BR: Both! There is no question that we do live in an incredible era of access to information about our children’s genetic makeup. So much of this information is illuminating and empowering, enabling parents to make more informed decisions about pregnancy and their children’s health. And that’s a great medical achievement. But it’s important to understand the limitations of some of the information we can tap into. The more comprehensive the test, the more likely it is to reveal information whose impact may not be totally clear. For example, tiny deletions or duplications of DNA may indicate a serious problem or they may be of little or no significance. Our understanding of what these changes mean lags far behind our ability to deploy these genetic technologies. You can see the challenges this presents.
RHE: Did your research confirm your hunches, or did your research surprise you in any way?

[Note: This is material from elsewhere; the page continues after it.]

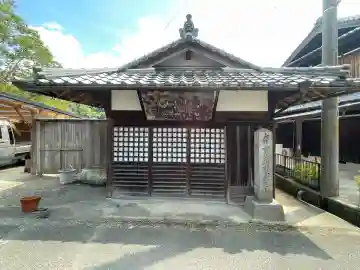 辻堂(小室生寺)(奈良県)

BR: When I first started researching this topic, I was a little in the thrall of all this amazing genetic technology. How cool is it that we’re now able to test all 20,000-plus genes at once, rather than painstakingly examining them one by one? But I was overly naive and didn’t give enough thought to the sobering truth that the more you peer into your genes the more apt you are to find problems. For example, there was one study that really sparked my interest in exploring this subject further: It asked a bunch of parents if, hypothetically, they would want to test their kids for some common diseases of adulthood, such as high blood pressure, high cholesterol and diabetes. Parents overwhelmingly said yes, anticipating that their kids would get a clean bill of health. Yet these diseases are so common that, on average, each kid would have nine variants, or gene changes, indicating increased risk for these conditions. I was really surprised by that. It made me realize that the saying “no one is perfect” rings true not only from a psychological perspective but within a biological frame of reference too
RHE: The buzz word these days among geneticists is "CRISPR." Can you explain what this is and how it relates to the future of babyhood?
BR: For starters, CRISPR has nothing to do with the opposite of soggy, which is what my kids suspected. It’s an acronym for Clustered Regularly Interspaced Short Palindromic Repeats. CRISPR is a tool to edit genes. It’s sometimes called CRISPR-Cas9 because it relies upon a protein called Cas9 to zero in on a particular defective DNA sequence and repair the mistake. Although it’s currently being used to try to address disease, many researchers expect that its power will eventually be used for less noble purposes — for enhancement, not curative purposes. For example, scientists are working on using CRISPR technology to repair muscle damage in children with Duchenne muscular dystrophy. If they’re able to crack the code, it doesn’t take too much imagination to predict a future where parents may try to apply that breakthrough to embryos or infants to build a better, stronger baby.
RHE: What should parents want to know or what should they ask?
BR: Parents should ask for clarity about what sort of information they can expect to learn from any genetic testing they choose before, during or after pregnancy. So many parents I interviewed told me that they didn’t really understand what they were getting into when they said “yes to the test.” It’s a good idea to ask if results are definitive or only indicative of increased risk of disease. The answer can help you decide whether to proceed with a particular test. It can also be very helpful for parents to ask themselves why they’re doing testing in the first place. If test results wouldn’t change the course of a pregnancy, for example, it might prompt some thoughtful consideration of whether testing is worthwhile. Genetic testing is an extremely personal decision. What one person finds helpful another person might find anxiety-inducing. There’s a broad spectrum of decision-making.